* Description of the task
Word for word, set down the lines from the one that contains "лакомство для попугаев" through the final line of the data; no pictures belong in the copy.

* Data
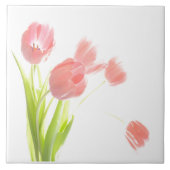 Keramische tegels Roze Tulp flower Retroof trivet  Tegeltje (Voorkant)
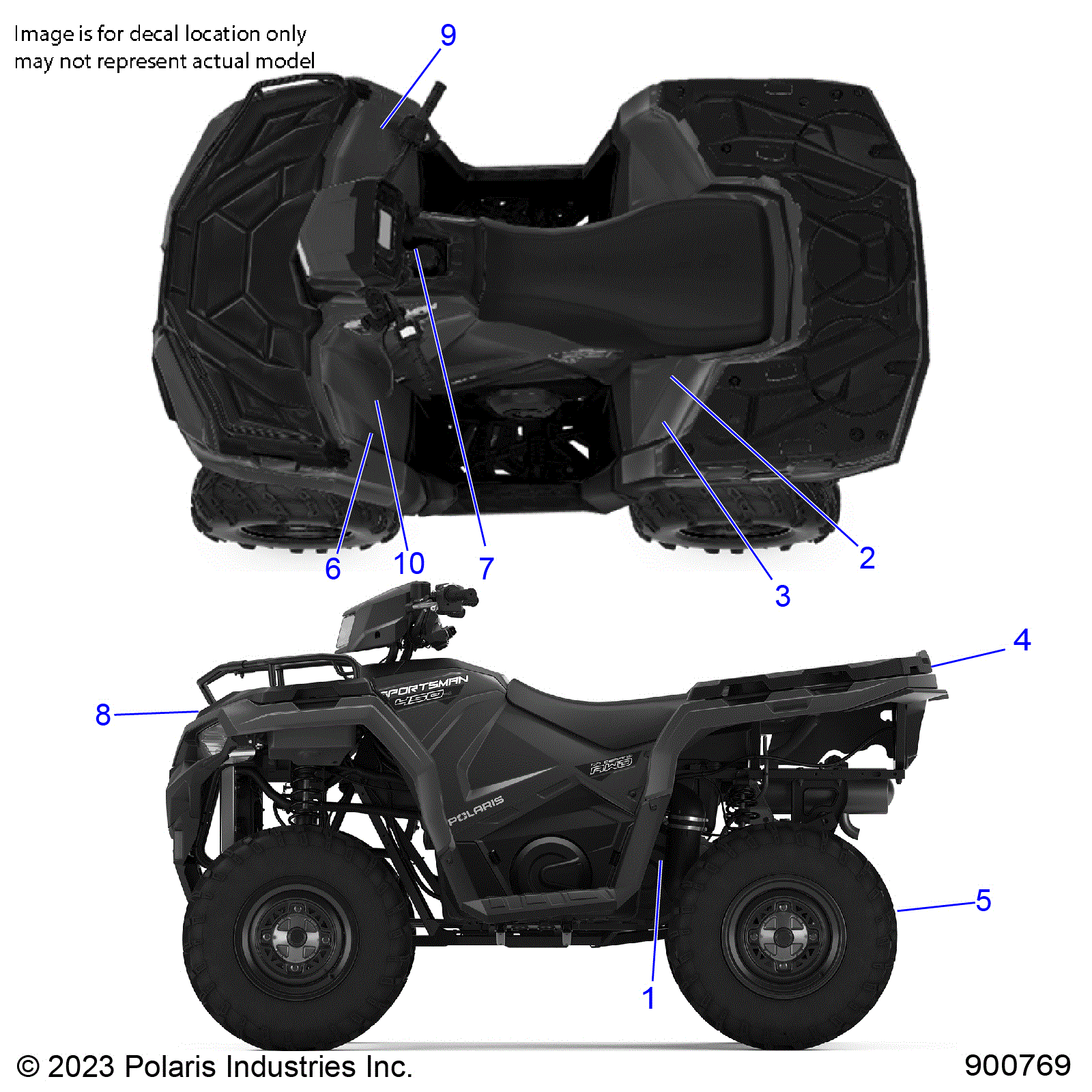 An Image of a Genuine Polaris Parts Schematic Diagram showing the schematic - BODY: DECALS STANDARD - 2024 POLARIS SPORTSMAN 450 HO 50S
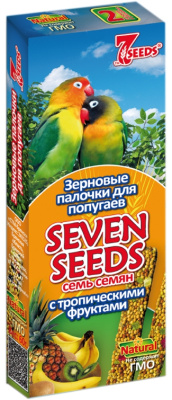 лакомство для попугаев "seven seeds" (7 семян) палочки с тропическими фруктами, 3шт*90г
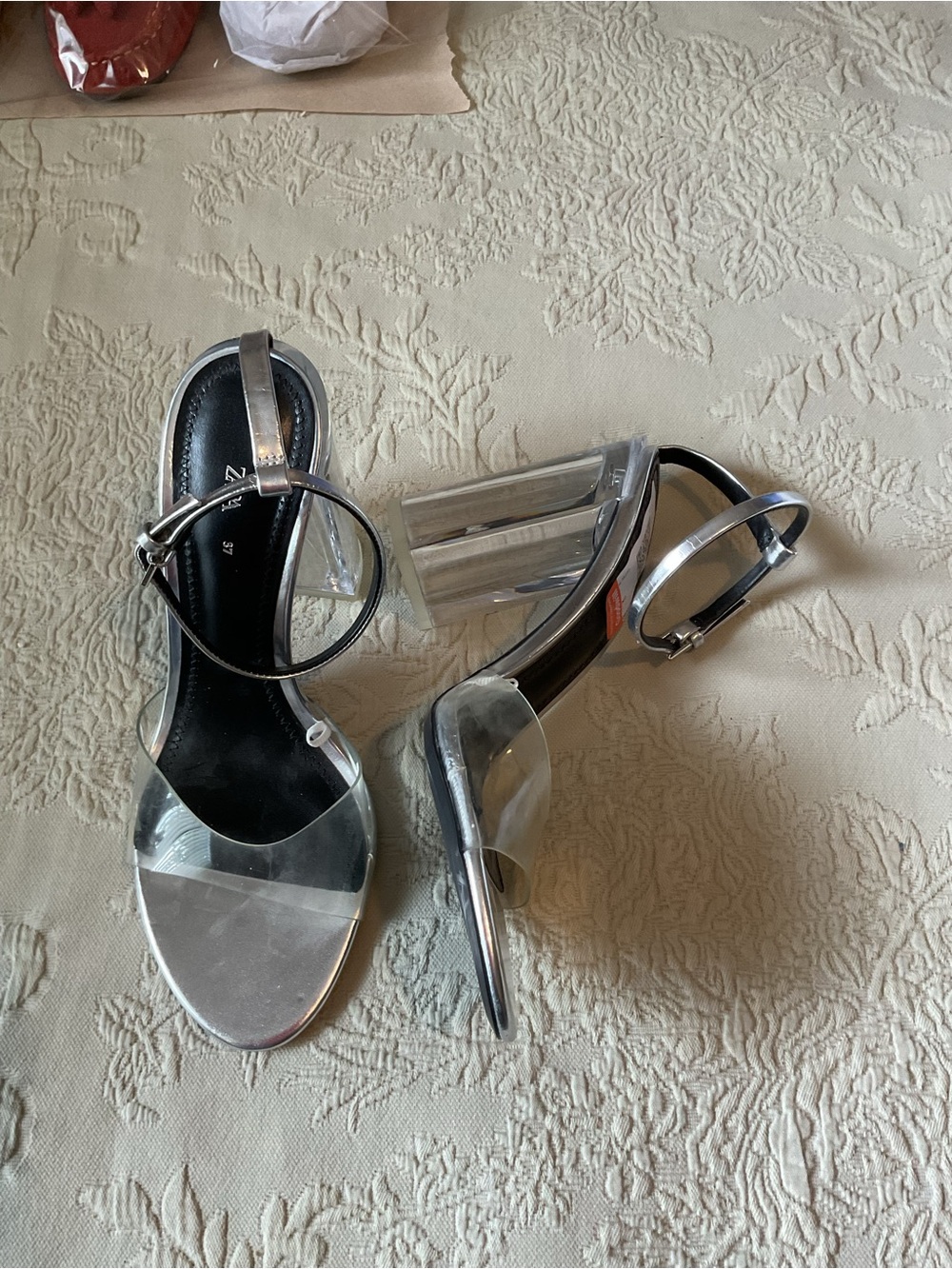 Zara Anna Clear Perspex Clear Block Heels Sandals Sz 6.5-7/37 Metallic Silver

* Written answer
 лакомство для попугаев "seven seeds" (7 семян) палочки с тропическими фруктами, 3шт*90г
 Zara Anna Clear Perspex Clear Block Heels Sandals Sz 6.5-7/37 Metallic Silver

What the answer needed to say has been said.